§ Task directions: Write the data below out exactly as it stands. Do not include the pictures.

§ Dataset excerpt:
◇ ◇ ◇ ◇ ◇ ◇ ◇
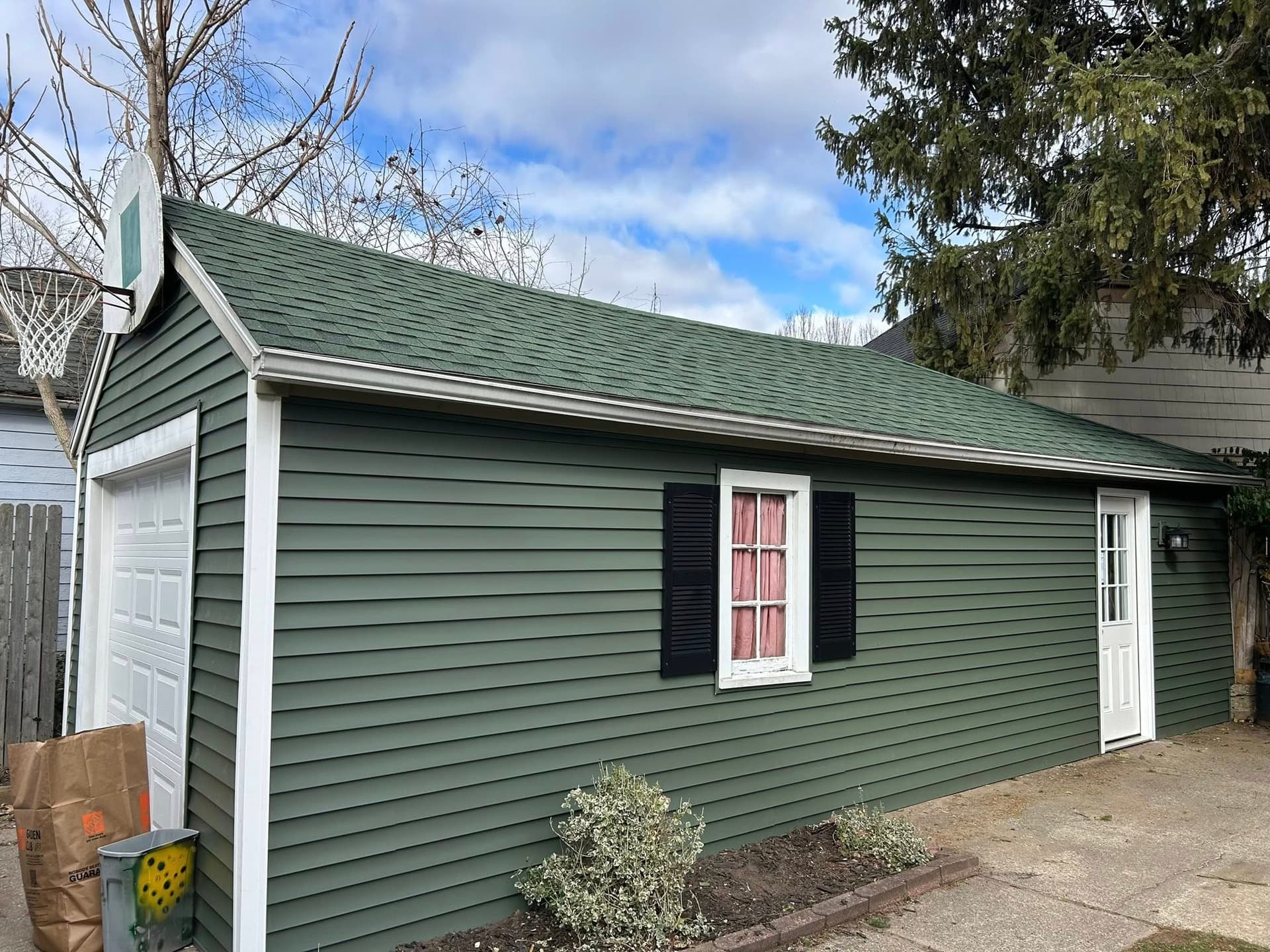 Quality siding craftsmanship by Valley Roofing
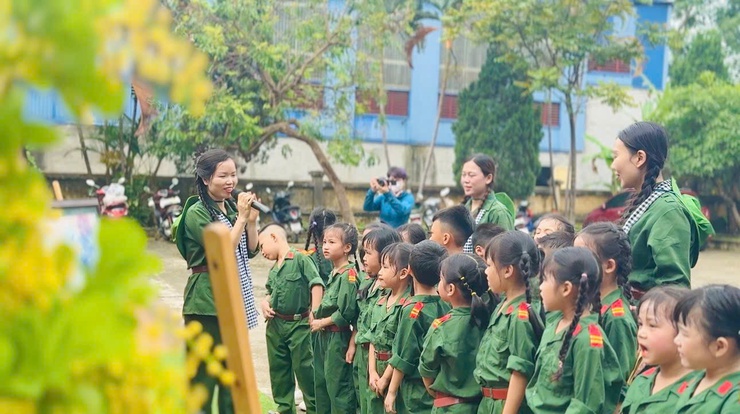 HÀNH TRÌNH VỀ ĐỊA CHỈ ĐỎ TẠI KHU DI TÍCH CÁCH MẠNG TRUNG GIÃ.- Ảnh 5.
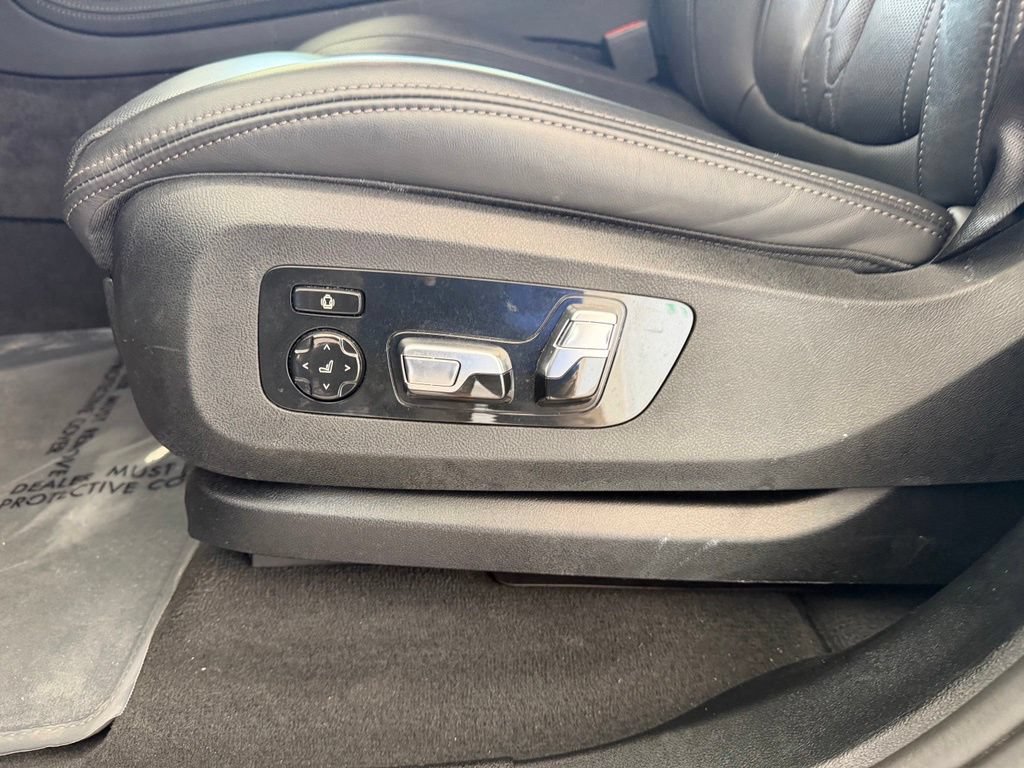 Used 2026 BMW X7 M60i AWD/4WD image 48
◇ ◇ ◇ ◇ ◇ ◇ ◇
§ Finished exercise:
 Quality siding craftsmanship by Valley Roofing
 HÀNH TRÌNH VỀ ĐỊA CHỈ ĐỎ TẠI KHU DI TÍCH CÁCH MẠNG TRUNG GIÃ.- Ảnh 5.
 Used 2026 BMW X7 M60i AWD/4WD image 48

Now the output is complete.